Sylvia Walby’s key concepts: Define these for your notes. Patriarchy, Compulsory Heterosexuality, Feminism.
Walby has written many books on patriarchy. In this article, she builds her thesis on a critique of previous citizenship scholarship that neglected gender analysis. 
1. What does she identify as the limitations of (Marshall/Mann/Turner) writings on citizenship? What is her critique of Mann (1987) who analyzed the evolution of US citizenship and his ideas on “labour” and “white adult males?” Remember that you have engaged with H.M. Marshall’s (1950) citizenship theory that most scholars engage with when writing about citizenship. 
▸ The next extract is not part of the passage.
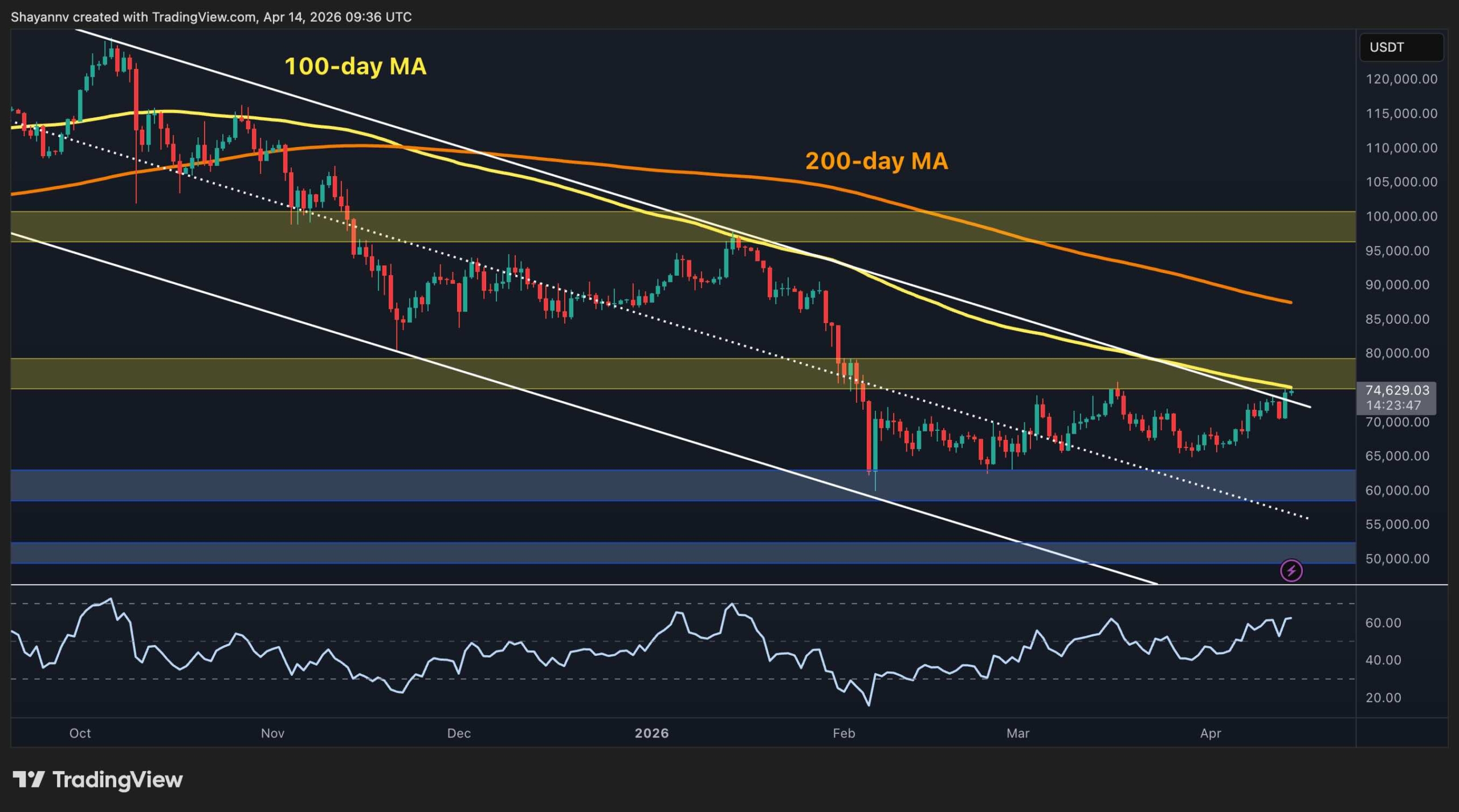 Bitcoin Price Analysis: What’s Next for BTC After Surge to $75K?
2. How is private patriarchy transformed historically? How do the norms of compulsory heterosexuality continue to exclude women and sexual minorities from citizenship in the 21st century? What does she mean by “the structuring principles of gender?”
Walby,1994: 382, “The question of citizenship belongs not only to the classic debates about the balancing of liberal freedom with the demands of a capitalist economy, of the relationship between the labour market and the state, of efficiency and equity, that is, of class and capitalism; it is also about the major structuring principles of gender. When half the population might be denied effective citizenship because of gender, then gender matters to citizenship. The question of the relationship of the public and private is not incidental.”
Kenneth Plummer’s key concepts: Identity and citizenship, Public Sphere, counter-publics, Intimate Citizenship, New citizenship, Plurality, Sexual Citizenship, and Identity politics. Plummer gives his readers a very good knowledge of the relationship between identity formations (the politics of difference), social movements, and the media. Find definitions of these in the reading. 
Plummer. p. 55. “We arrive, then, at the classic problem of universals and differences, or the “moral boundaries debate”: who is inside and who is outside, who is included and who is excluded, both within and across social worlds. The process of setting boundaries often reveals strong patriarchal, racializing, nationalizing, and heterosexist elements, drawing boundaries that tacitly (and sometimes not so tacitly) exclude others on grounds of gender, ethnicity, nationality, sexuality, and so forth. The last decades of the twentieth century saw a lot of writing that attempted to demolish these boundaries that celebrated a politics of difference. Quite rightly, much of this writing sought to discredit the notion of both universals and boundaries. Yet as the liberal sociological critic Alan Wolfe also quite rightly points out, “It is impossible to imagine a society without boundaries.”1”
3. What are the problems with traditional models of citizenship proposed by T.H. Marshall according to Plummer? What is sexual citizenship? How has citizenship been sexualized according to Diana Richardson’s scholarship discussed by Plummer? 
4. What evidence does he provide for his argument for the emergence of new identities and “intimate citizenship” due to new Public spheres and counter-publics? How do you understand the debates on “identity politics?”